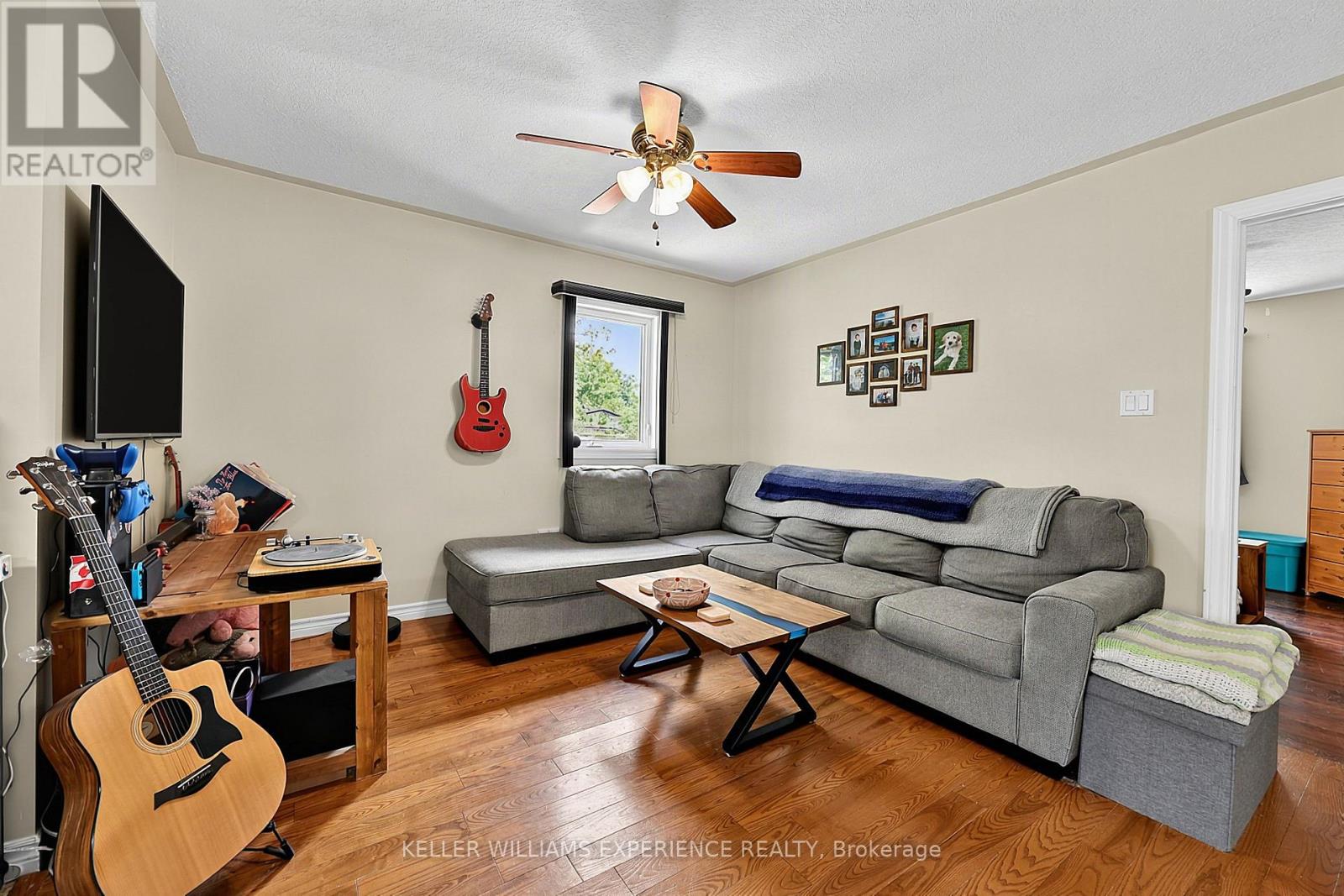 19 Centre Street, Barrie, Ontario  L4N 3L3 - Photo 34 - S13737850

==

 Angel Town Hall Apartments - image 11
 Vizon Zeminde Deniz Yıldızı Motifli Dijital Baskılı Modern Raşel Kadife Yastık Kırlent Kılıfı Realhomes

--

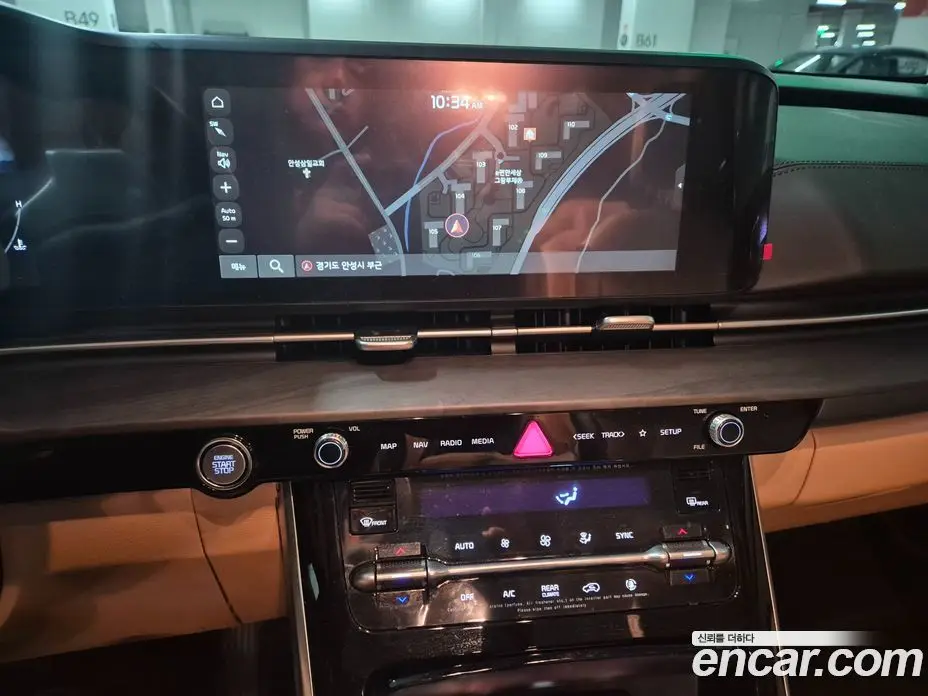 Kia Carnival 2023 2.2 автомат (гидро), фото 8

Exercise brief — Only one stretch of the data above is needed. Restate it word for word, from the line containing "Angel Town Hall Apartments - image 11" through the line containing "Vizon Zeminde Deniz", both ends included.

Result for this exercise —
 Angel Town Hall Apartments - image 11
 Vizon Zeminde Deniz Yıldızı Motifli Dijital Baskılı Modern Raşel Kadife Yastık Kırlent Kılıfı Realhomes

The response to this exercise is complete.